Putting a sheet on will make rainrot worse. It's better than the skin breathes. If she's shivering, that's a different matter entirely.

As long as she's eating healthy and keeping her weight, she won't get rainrot and should be A-ok without a rain sheet on.


----------



## usandpets (Jan 1, 2011)

Wow! 11 degrees sounds so cold, at least until you change it to F. That's about 50. I guess it just depends on what you're used to. Our winters get down to below 0 F and we don't blanket ours, even with snow or rain. We did blanket them one winter but that was because they were stalled until too late and didn't get a good winter coat. Now they are out 24/7/365. But anyway. 

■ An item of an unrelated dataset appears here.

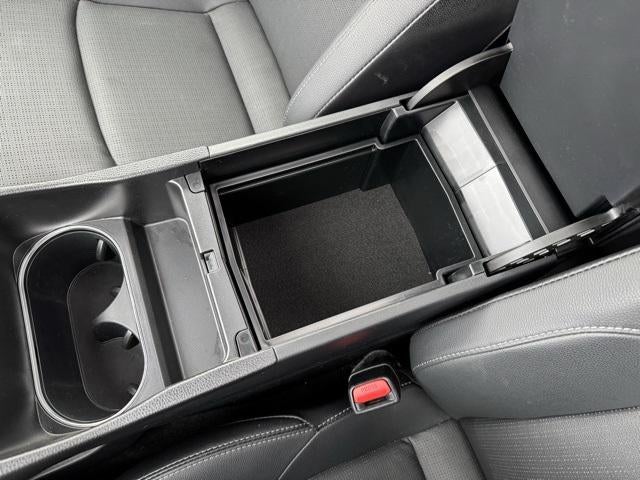 2023 Toyota bZ4X Limited AWD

As for blanketing her, you can do as others have said and fold it up and slowly unfold it on her. Since you've had her for 12 years, I think she will trust you enough to put it on without much fuss. Personally I wouldn't fold it. I would walk up to her with it completely unfolded and rub her with it. If she moves away, just keep that distance and follow until she stops. Then move a little away from her. Basically desensitize her to it. Another way is to have her follow it. Carry it as you lead her or have someone else carry it and you lead her following them. It will cause her to be curious about it.
_Posted via Mobile Device_


----------



## Saddlebag (Jan 17, 2011)

Unless your cold temperatures are way down in the minuses blanketing your senior mare is not a good idea. A horse can control whether to lay it's coat down flat in hot weather or fluff it up for cold. Blanketing causes the hair to flatten, and can actually cause the horse to feel colder. The opposite of this is that when the sun shines the horse overheats under the blanket and can dehydrate. Your dad is right. Just because you feel cold, don't assume your horse does. They adapt very well to weather changes.


----------